Tanto sofreu, tanto se deteriorou que alguém, na tentativa de deixá-lo mais apresentável, teve a idéia de pintá-lo de branco!!!
Isso na década de setenta.
Encostado numa pequena loja, lá estava ele esperando por mais um dono disposto a cuidar dele.
Numa tarde qualquer uma senhora passa distraídamente com sua filha, para comprar pão para o café da tarde. A moça se detém ante o piano branco, um tanto amarelado, mas ainda provido do glamour de outrora. e se encanta por ele.
Aí começa a história do meu Piano Pleyel, modesto, mas tão charmoso, presente ganho com tanto amor e pago à duras penas pela minha mãe.
O tempo passa, eu dedilho as notas simples da cartilha musical, solfejo como uma louca para decorar as frases musicais, detono com Chopin, toco hinos religiosos para deleite de minha mãe, arranho músicas populares, enfim, meu piano volta à vida depois de tanto abandono.
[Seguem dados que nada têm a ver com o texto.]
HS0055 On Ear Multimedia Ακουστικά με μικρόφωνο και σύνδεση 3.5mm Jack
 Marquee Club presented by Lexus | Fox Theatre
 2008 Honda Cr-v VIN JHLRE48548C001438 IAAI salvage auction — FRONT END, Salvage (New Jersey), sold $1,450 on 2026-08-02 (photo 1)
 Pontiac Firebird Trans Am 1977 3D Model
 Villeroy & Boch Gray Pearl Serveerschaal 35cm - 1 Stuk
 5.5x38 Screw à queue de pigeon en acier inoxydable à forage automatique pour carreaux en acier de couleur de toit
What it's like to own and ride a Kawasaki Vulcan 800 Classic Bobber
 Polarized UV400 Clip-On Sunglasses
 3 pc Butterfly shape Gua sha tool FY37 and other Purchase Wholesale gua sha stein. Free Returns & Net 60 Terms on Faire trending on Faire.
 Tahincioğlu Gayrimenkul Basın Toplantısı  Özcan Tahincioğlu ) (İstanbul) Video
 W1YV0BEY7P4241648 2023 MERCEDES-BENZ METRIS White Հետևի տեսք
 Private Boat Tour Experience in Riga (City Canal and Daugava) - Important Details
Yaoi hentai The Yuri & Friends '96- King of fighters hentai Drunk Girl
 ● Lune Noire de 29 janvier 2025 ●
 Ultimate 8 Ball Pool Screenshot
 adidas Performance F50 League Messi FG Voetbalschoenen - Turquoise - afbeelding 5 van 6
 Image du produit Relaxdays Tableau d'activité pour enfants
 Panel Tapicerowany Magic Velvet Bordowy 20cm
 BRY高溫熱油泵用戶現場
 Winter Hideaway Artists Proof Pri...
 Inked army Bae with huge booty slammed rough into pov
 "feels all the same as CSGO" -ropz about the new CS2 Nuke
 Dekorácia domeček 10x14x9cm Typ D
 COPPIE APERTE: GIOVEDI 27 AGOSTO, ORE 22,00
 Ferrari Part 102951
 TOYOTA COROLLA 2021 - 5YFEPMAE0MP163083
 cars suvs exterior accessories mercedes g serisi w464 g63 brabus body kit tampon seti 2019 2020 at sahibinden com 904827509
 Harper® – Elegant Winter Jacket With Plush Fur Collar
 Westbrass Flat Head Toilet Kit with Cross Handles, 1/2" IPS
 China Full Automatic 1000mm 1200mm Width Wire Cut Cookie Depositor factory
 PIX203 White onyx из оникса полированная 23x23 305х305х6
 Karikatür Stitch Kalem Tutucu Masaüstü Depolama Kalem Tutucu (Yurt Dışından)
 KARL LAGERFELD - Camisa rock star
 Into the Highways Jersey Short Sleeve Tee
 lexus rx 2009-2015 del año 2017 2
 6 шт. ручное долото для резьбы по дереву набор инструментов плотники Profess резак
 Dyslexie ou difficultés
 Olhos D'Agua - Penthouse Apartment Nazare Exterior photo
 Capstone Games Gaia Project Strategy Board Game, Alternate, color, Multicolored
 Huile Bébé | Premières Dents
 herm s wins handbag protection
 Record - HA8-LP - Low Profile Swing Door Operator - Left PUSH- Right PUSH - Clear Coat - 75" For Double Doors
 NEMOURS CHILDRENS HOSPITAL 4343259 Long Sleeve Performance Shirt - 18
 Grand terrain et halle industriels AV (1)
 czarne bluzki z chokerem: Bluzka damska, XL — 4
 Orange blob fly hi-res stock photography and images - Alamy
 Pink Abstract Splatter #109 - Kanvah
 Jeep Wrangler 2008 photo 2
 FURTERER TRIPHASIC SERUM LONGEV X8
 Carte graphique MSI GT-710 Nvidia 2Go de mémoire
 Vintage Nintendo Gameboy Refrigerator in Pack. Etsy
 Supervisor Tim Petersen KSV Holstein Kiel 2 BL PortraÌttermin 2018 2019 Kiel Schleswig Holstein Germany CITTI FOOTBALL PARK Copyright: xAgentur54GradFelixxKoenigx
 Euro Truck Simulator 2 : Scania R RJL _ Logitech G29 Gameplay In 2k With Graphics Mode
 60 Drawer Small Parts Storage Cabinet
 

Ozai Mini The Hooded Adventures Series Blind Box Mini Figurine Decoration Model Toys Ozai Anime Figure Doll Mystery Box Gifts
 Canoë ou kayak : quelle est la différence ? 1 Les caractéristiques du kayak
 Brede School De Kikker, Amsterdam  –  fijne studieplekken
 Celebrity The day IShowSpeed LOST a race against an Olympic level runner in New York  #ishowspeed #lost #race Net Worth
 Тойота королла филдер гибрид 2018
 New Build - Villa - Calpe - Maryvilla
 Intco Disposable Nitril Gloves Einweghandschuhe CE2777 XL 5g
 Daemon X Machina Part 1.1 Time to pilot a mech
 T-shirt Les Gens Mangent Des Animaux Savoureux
Mas a vida continua, os afazeres tornam o meu contato como ele cada vez mais escasso, e mais uma vez a história se repete.
Minha mãe adoece, e sempre que pode eu toco para ela, então pressentindo que seu tempo nessa terra é curto, resolvi fazer uma homenagem ao seu esforço e decido reformá-lo.
O profissional me orienta e é bem claro que o valor a ser pago será menor que o valor comercial, mas isso não me desanimou.
Um piano pintado de branco, mal tratado, será que tinha rachaduras, buracos de cupim, imperfeições escondidas pela tinta?
Como saber, mas decidi a restaurá-lo mesmo assim.
O restauro leva mais de um ano, e quando ele ficou pronto foi emocionante!!!
Não havia rachaduras, nem buracos de cupim, lá estava aquela madeira majestosa, avermelhada, cheia de veios na madeira mais escuros e brilhantes, lindo e imponente como só o jacarandá sabe ser.
Depois do restauro veio a afinação, o cuidado constante, a flanelinha pra manter o brilho, etc...
Minha mãe ainda teve tempo de ver meu pianinho reluzente, ficou tão feliz que jamais vou esquecer o seu sorriso.
Ela se foi, hoje já não toco mais com frequência, mas lá está ele, imponente, no centro da sala, lugar de honra como ele merece.
Enquanto vida eu tiver, meu querido piano sempre estará comigo.
Penso nas pessoas, talvez escravos que transportaram a madeira, no desembarque, na travessia pelo Atlântico, na chegada a Paris, no trabalho dos artesãos, no transporte em tração animal até o porto, a longa travessia de volta, na chegada, no transporte até a loja, no primeiro dono, na recepção, na alegria da família, e também, na trajetória obscura do meu pianinho querido.
Quantas mãos, músicas, lágrimas derramadas, sentimentos despertados pela música, sonhos realizados ou desfeitos junto ao teclado....
Lá se vão no mínimo 110 anos de história, todos já se foram, morreram...
mesmo em minha casa, quantos que o tocaram não estão mais aqui, mas o som da música por eles executadas ainda estão em meus ouvidos, cheios de saudades e lembranças.
Essa é mais uma história, sem pretensões literárias, somente uma lembrança de um presente que representou o amor que minha mãe tinha por mim, e não poupou esforços em me fazer feliz.
Hoje é o segundo dias das mães sem ela, por isso escrevo essas linha como forma de homenageá-la de coração.